At 08.48 -0300 0-09-23, Jaci Junior wrote:
> Dear reader, Is there a function that takes an "IO String" and
>make it into String?
To have a function IO(String) -> String would contradict the very idea of
Haskell being a pure language: IO isn't pure, so if such a conversion
function was available, it would be possible to have impure IO-functions
without an IO attached to their type. So once you have put in an IO
somewhere, you are stuck with it.
This is not much of a problem though, because Haskell uses monads to
describe IO, and one way to characterize monads is that these are objects
that have the ability to always extend regular code to the code of the type
the monad describes. So regular code can always be converted into IO code,
using the monad properties. The simplest way to think about the IO monad is
perhaps that this is a way to tell the Haskell type system that IO is
taking place in the functions in question.
Monads do not commute, for example creating lists can also be thought of as
being a monad (the monoid monad). Then IO([a]) is an IO involving a list
object, whereas [IO(a)] is a list of potential IO actions.
If you have an object
x :: IO String
then you can use it as though it was a string by
do { s <- x; ... } -- s will be of type String.
Alternatively, you can pipe IO objects by
x >> y -- y does not use output from x
x >>= y -- y uses output from x
return s -- if value returned is not already IO, put in a "return".

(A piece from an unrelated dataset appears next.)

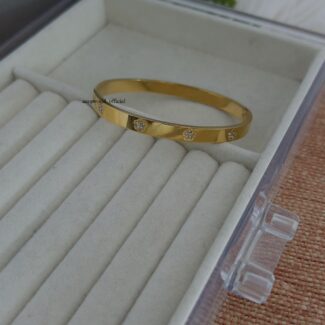 Studded Flower Bracelet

In fact, a monad M is (mathematically) a triple (F, iota, mu), where F is
an endo-functor of a category C, and "iota" and "mu" are natural
transformations of this category to itself. Here, "iota" is called the unit
and "mu" the multiplication of the monad, named so because in the
endo-category End(C), a monad is just a free monoid, with set F, unit iota,
and multiplication mu.
In the case of the IO monad, iota = return, and mu = (>>=) (or rather a
variation which is a set-theoretic rewrite of the so called Kleisli
multiplication). The IO functor in Haskell is really the type function that
associates the type "a" with IO(a) (not to be confused with "return" which
takes a _values_ and convert them to IO(a) values), plus a function
map :: (a -> b) -> (f a -> f b)
just as in the case of the class Functor in the Prelude (where it is name
"fmap").
Now, if one has the data
class Monad m where
return :: a -> m a
(>>=) :: m a -> (a -> m b) -> m b
then one derive the function "map", just as is done in the module Monad,
where it is called "liftM". Thus, the functor part F of the triple M = (F,
iota, mu) can be derived, and in Haskell programming, people tend to forget
about it. The ">>", and "fail" (as well as the "do" construct named above)
are just put in order to simplify programming.